### EXERCISE OBJECTIVE
Copy out the lines beginning with the one that contains "TikTok Menyayangkan Larangan" and ending with the last line below, exactly as they stand. Pictures are not copied.

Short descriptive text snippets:
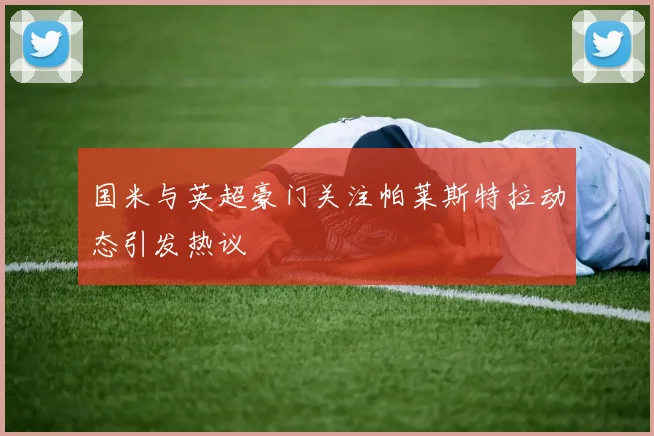 国米与英超豪门关注帕莱斯特拉动态引发热议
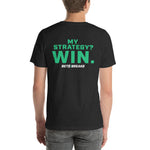 Bets and Breaks Strategy Unisex t-shirt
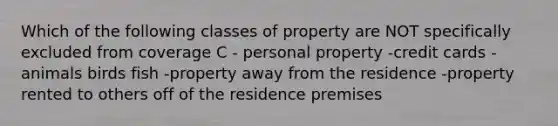 Which of the following classes of property are NOT specifically excluded from coverage C - personal property -credit cards -animals birds fish -property away from the residence -property rented to others off of the residence premises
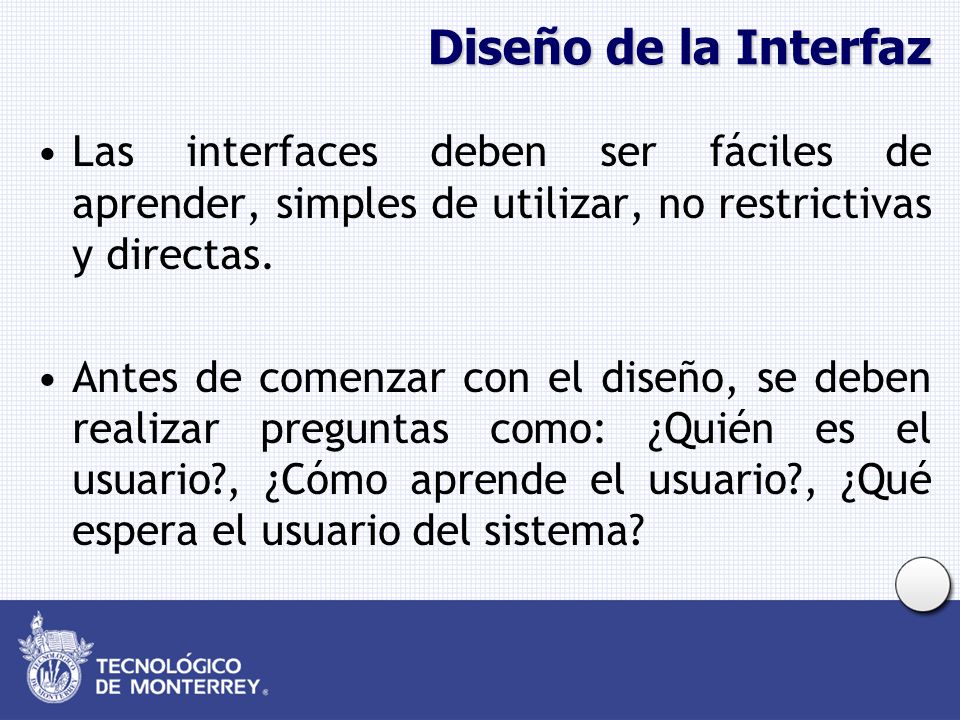 Diseño de la Interfaz Las interfaces deben ser fáciles de aprender, simples de utilizar, no restrictivas y directas.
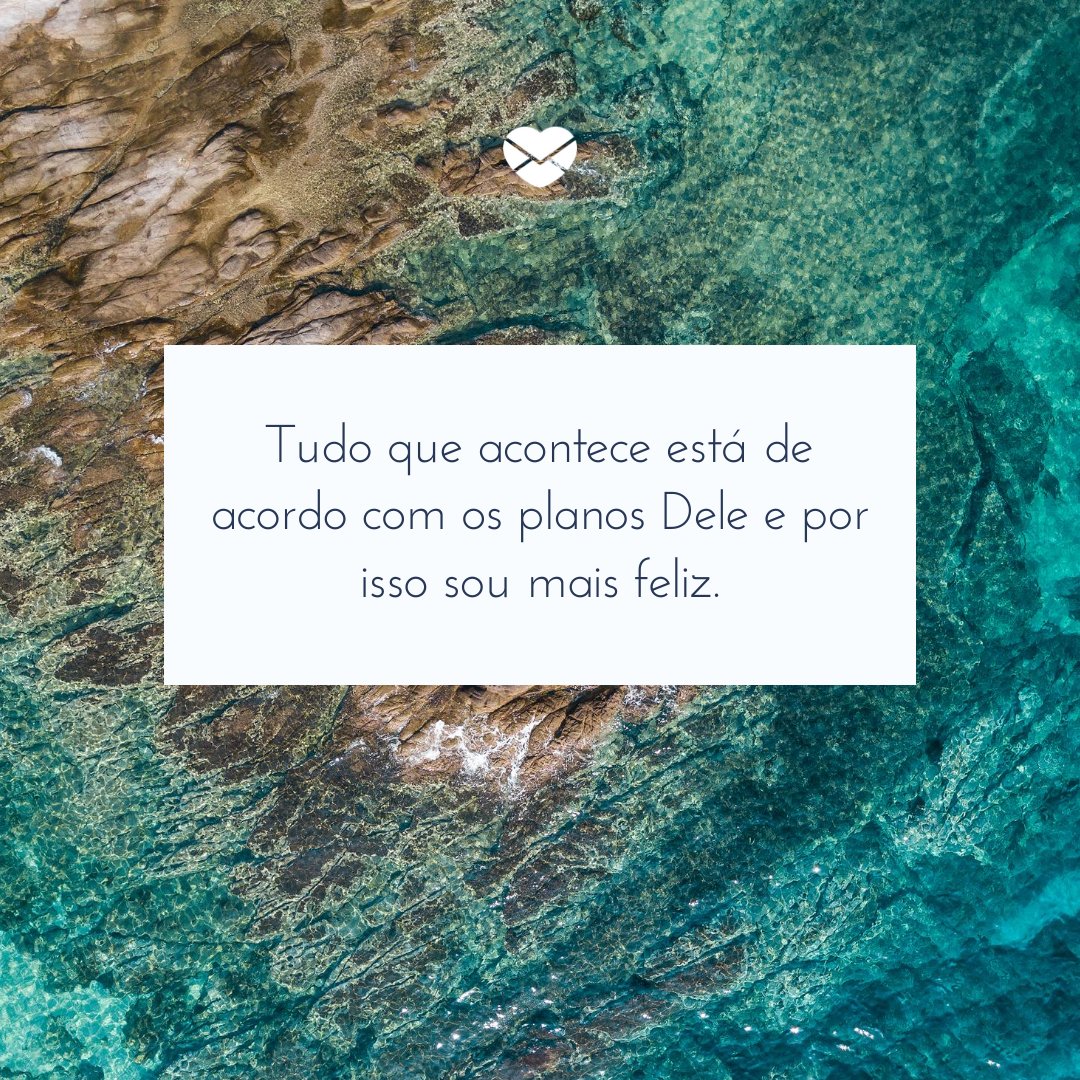 'Tudo que acontece está de acordo com os planos Dele e por isso sou mais feliz.' -Frases de bom dia de Deus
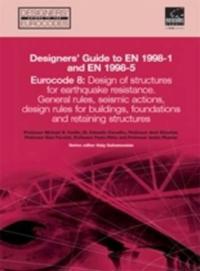 Designers Guide to En 1998-1 and 1998-5. Eurocode 8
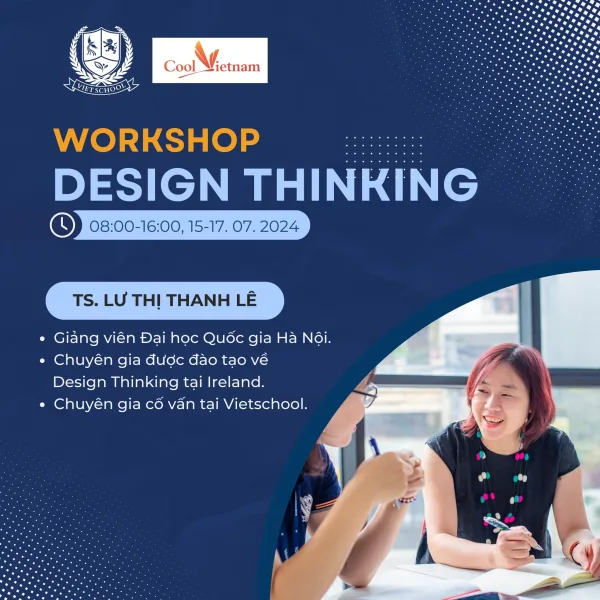 WORKSHOP DESIGN THINKING: ĐỘT PHÁ TƯ DUY SÁNG TẠO VÀ GIẢI QUYẾT VẤN ĐỀ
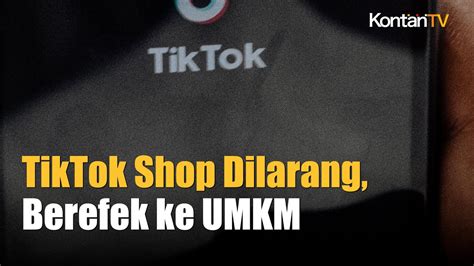 TikTok Menyayangkan Larangan Social E Commerce Karena Berdampak Ke UMKM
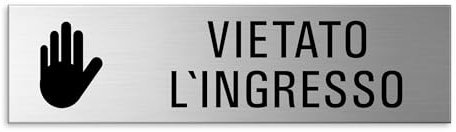 Cartello Vietato l'ingresso Targhetta adhesivo in Alluminio 150x40 mm Ottica acciaio inossidabile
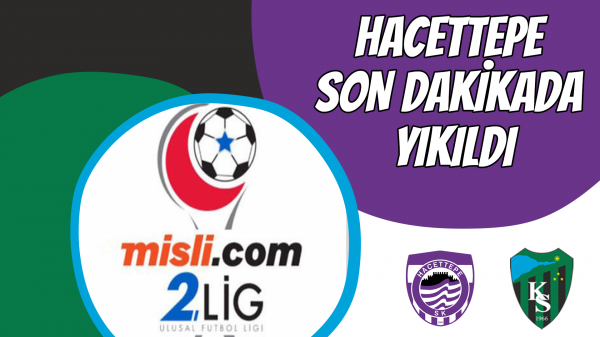 Hacettepe son dakikada yıkıldı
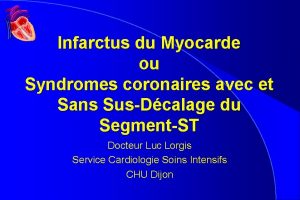 Infarctus du Myocarde ou Syndromes coronaires avec et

### COMPLETED TASK
 TikTok Menyayangkan Larangan Social E Commerce Karena Berdampak Ke UMKM
 Cartello Vietato l'ingresso Targhetta adhesivo in Alluminio 150x40 mm Ottica acciaio inossidabile
 Hacettepe son dakikada yıkıldı
 Infarctus du Myocarde ou Syndromes coronaires avec et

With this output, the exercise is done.